EXERCISE REQUIREMENTS
Return each entry word for word and skip its pictures.

Short web captions
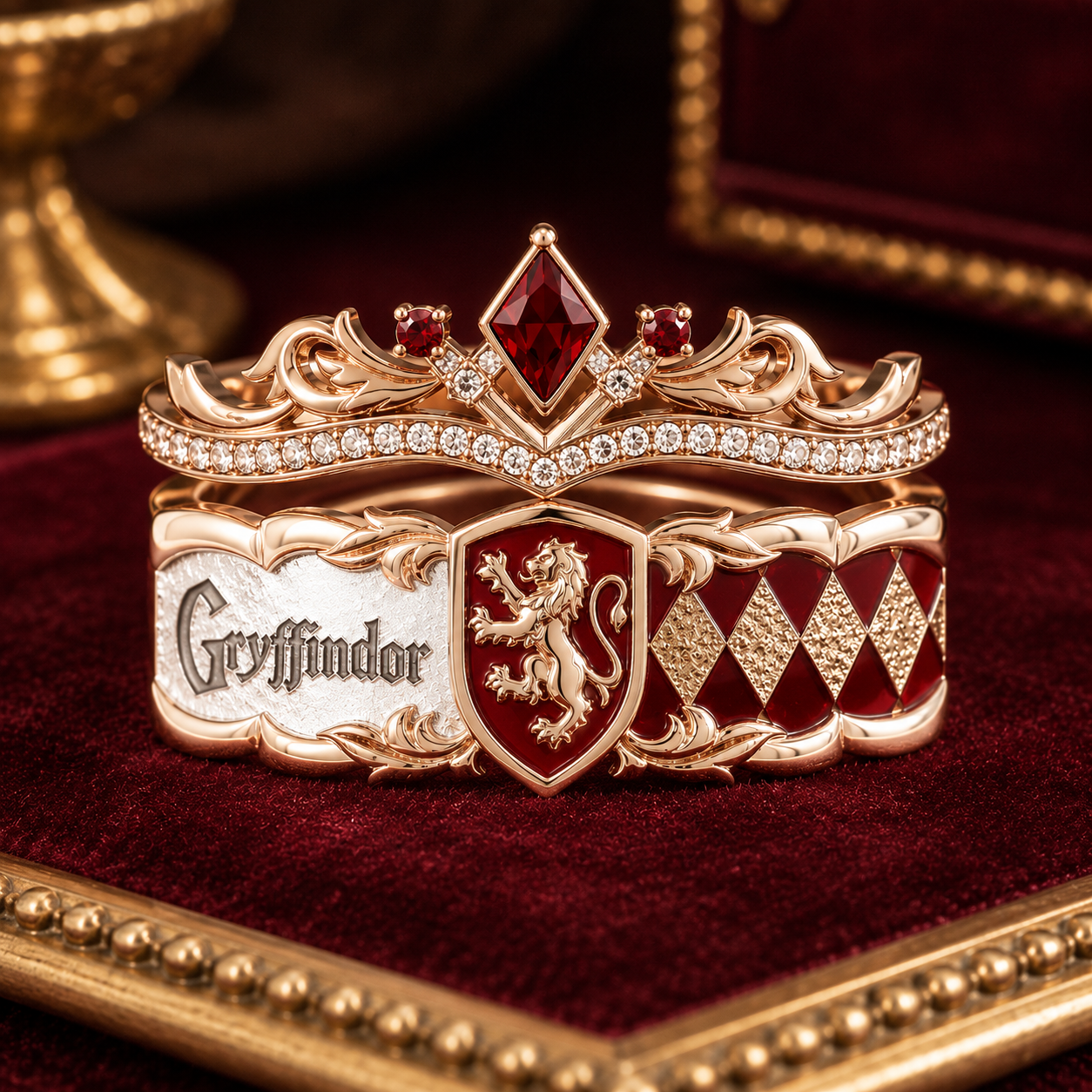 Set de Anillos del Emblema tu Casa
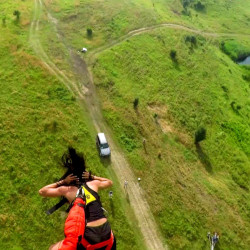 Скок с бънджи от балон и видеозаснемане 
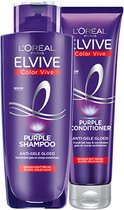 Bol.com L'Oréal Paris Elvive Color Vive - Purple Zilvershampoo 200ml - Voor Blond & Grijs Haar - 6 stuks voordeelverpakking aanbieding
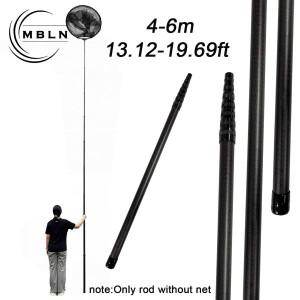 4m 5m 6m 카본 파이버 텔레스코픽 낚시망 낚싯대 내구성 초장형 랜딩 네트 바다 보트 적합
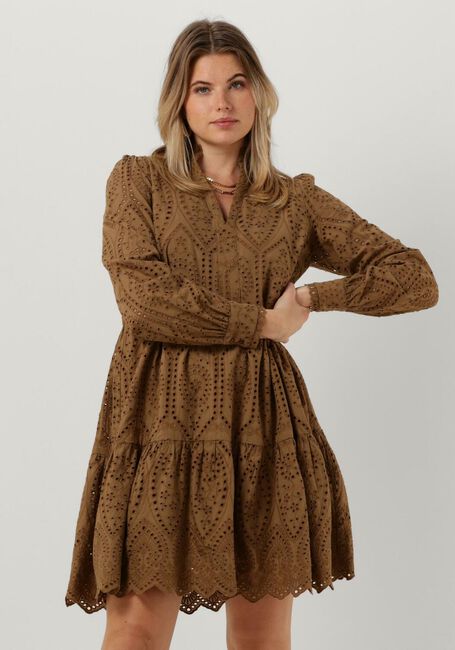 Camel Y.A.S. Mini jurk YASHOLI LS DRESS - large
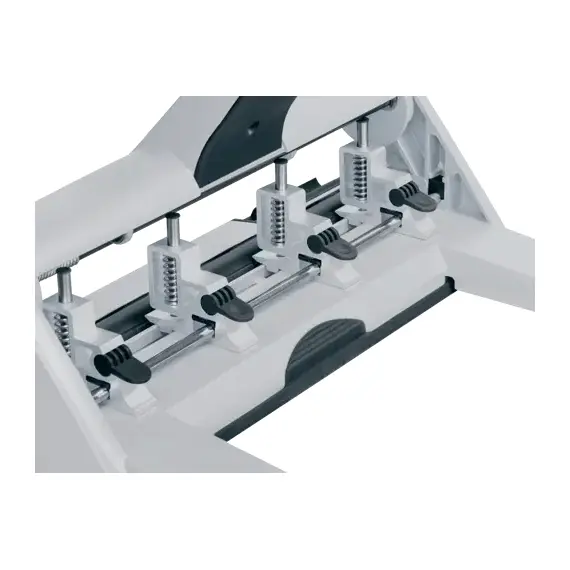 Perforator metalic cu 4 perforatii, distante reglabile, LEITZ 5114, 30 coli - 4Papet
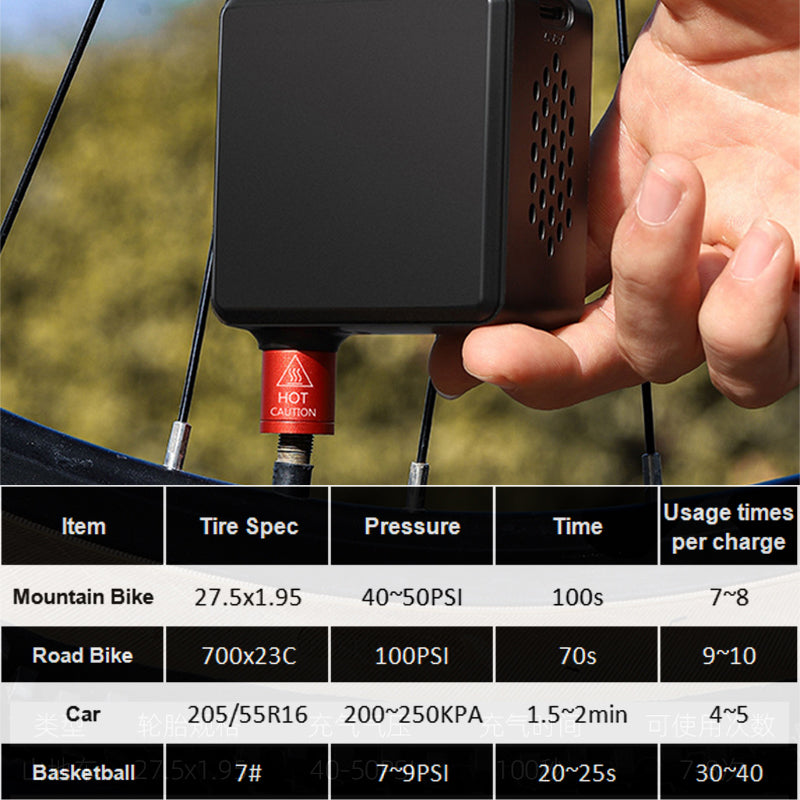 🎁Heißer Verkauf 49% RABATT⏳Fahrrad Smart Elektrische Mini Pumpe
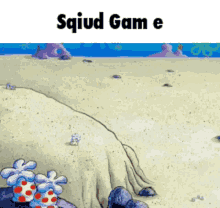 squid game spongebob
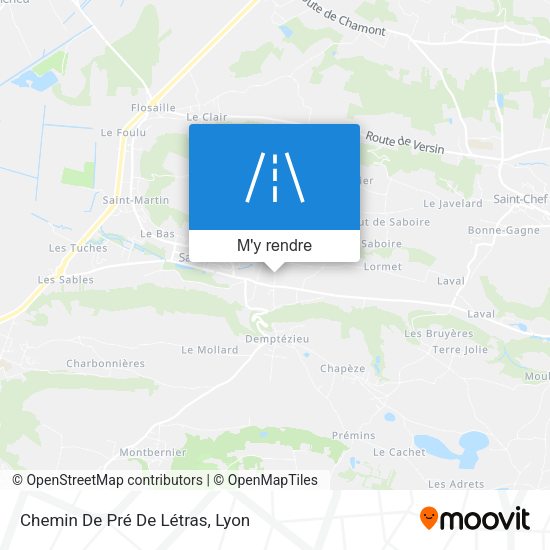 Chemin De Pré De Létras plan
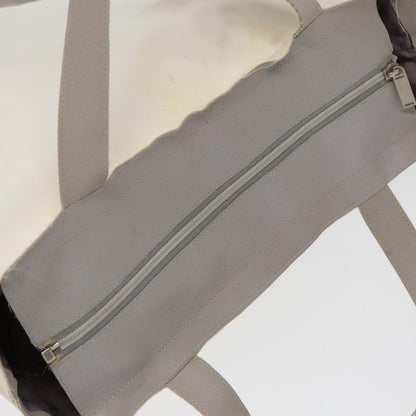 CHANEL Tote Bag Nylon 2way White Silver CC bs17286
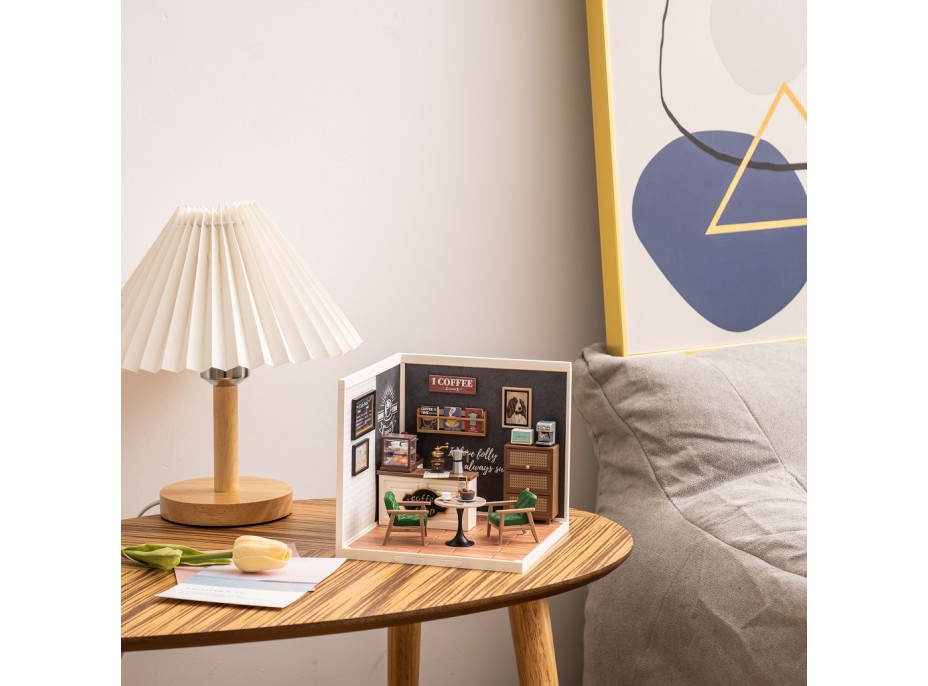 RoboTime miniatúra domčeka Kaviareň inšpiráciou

ANSWER FOR THE TASK
 Set de Anillos del Emblema tu Casa
 Скок с бънджи от балон и видеозаснемане 
 Bol.com L'Oréal Paris Elvive Color Vive - Purple Zilvershampoo 200ml - Voor Blond & Grijs Haar - 6 stuks voordeelverpakking aanbieding
 4m 5m 6m 카본 파이버 텔레스코픽 낚시망 낚싯대 내구성 초장형 랜딩 네트 바다 보트 적합
 Camel Y.A.S. Mini jurk YASHOLI LS DRESS - large
 Perforator metalic cu 4 perforatii, distante reglabile, LEITZ 5114, 30 coli - 4Papet
 🎁Heißer Verkauf 49% RABATT⏳Fahrrad Smart Elektrische Mini Pumpe
 squid game spongebob
 Chemin De Pré De Létras plan
 CHANEL Tote Bag Nylon 2way White Silver CC bs17286
 RoboTime miniatúra domčeka Kaviareň inšpiráciou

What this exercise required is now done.